138 Menschen haben ihr Leben verloren bei dem Hochwasser im Ahrtal, am Montag stieg die Zahl noch einmal um drei Personen. Fast drei Wochen ist es jetzt her, dass extremer Starkregen eine Katastrophe ausgelöste, deren Ausmaß sich dort in der Region niemand hat vorstellen können. Noch immer sind nicht alle Toten identifiziert, geschweige denn die Aufräum- und Bergungsarbeiten in der schwer getroffenen Region beendet.

Haben die zuständigen Behörden, konkret der rheinland-pfälzische Landkreis Ahrweiler, zu spät vor den drohenden, aber absehbaren Überschwemmungen gewarnt und sind dadurch Menschen zu Schaden und zu Tode gekommen?

Diesem Verdacht geht die zuständige Staatsanwaltschaft Koblenz nach, wie sie am Montagnachmittag mitteilte. Man prüfe "die Einleitung eines Ermittlungsverfahrens wegen des Anfangsverdachts der fahrlässigen Tötung und der fahrlässigen Körperverletzung". Möglicherweise habe unterlassene Hilfeleistung vorgelegen oder die Bevölkerung sei zu spät gewarnt oder in Sicherheit gebracht worden.
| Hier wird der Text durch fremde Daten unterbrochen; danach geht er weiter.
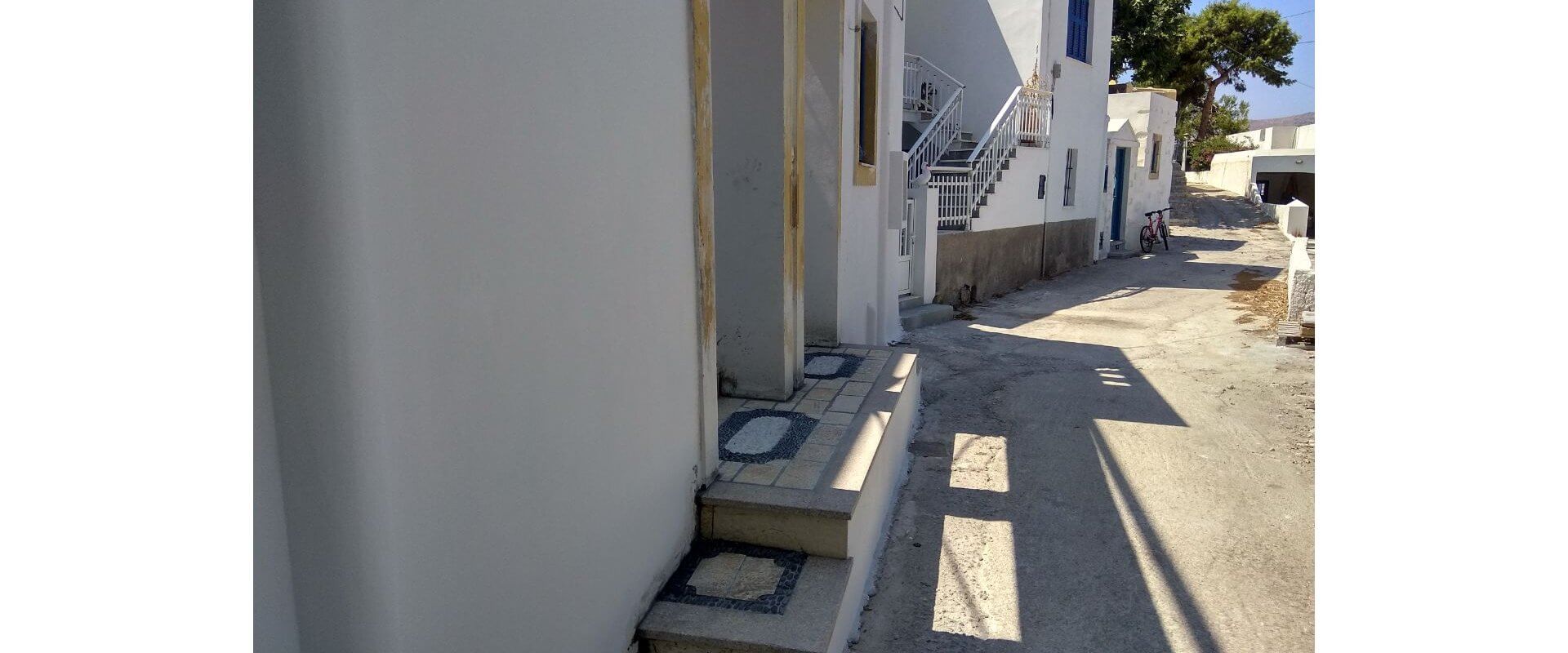 Property ID L348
Gegenstand der Ermittlungen ist die verhängnisvolle Nacht vom 14. auf den 15. Juli. Stundenlanger Regen hatte den Pegel der Ahr auf bis zu sieben Meter anschwellen lassen. Zum Vergleich: 3,70 Meter waren im Jahr 2016 verzeichnet worden, bei einem Hochwasser, das man seinerzeit als Jahrhunderthochwasser eingestuft hatte.

Der Landkreis Ahrweiler war in die Kritik geraten, weil er trotz präziser Warnungen in jener Nacht erst gegen 23 Uhr den Katastrophenfall ausgerufen hatte. Einem FAZ -Bericht zufolge hatte die Kreisverwaltung vom Landesamt für Umwelt am 14. Juli mehrere automatisierte E-Mails erhalten. Aus diesen Mails sei auch der prognostizierte enorme Pegelstand hervorgegangen.

In die Prüfung der Staatsanwaltschaft sollen, wie es in der Mitteilung heißt, neben der "umfangreichen Presseberichterstattung" auch Feststellungen aus Todesermittlungsverfahren sowie allgemeine polizeiliche Hinweise aus der Katastrophennacht vom 14./15. Juli einbezogen werden.

Die Prüfung eines Anfangsverdachtes, so erläuterte der Leitende Oberstaatsanwalt Harald Kruse, richte sich nicht gegen eine konkrete Person. Sie werde einige Tage in Anspruch nehmen. Betrachtet werde auch der Fall einer Einrichtung für behinderte Menschen in Sinzig. Allein dort waren infolge des Hochwassers zwölf Menschen ums Leben gekommen.

Seit der Hochwasserkatastrophe wird bundesweit über eine Reform des Katastrophenschutzes diskutiert. "Das Ganze kommt auf den Prüfstand", sagte etwa der rheinland-pfälzische Innenminister Roger Lewentz (SPD). Dies reiche von Warn- und Alarmierungssystemen bis hin zur technischen Ausstattung mit sicheren Funksystemen etwa für den Fall, dass - wie an der Ahr geschehen - Erdkabel von Fluten weggerissen wurden. Außerdem wird erwogen, die nach dem Ende des Kalten Krieges vielerorts abgebauten Sirenen wieder für den Ernstfall anzuschaffen.

Bisher ist die Koordination bei Unwettern und Großlagen in erster Linie Sache des jeweiligen Landkreises. Der ist zum Beispiel für die Ausrufung des Katastrophenfalles zuständig, der Alarmketten in Gang setzt und die Mobilisierung von Rettungskräften erleichtert. Kritiker mahnen vor allem einen besseren Katastrophenschutz für Unwetter an, deren Ausmaß die Fähigkeiten eines Landkreises übersteigt.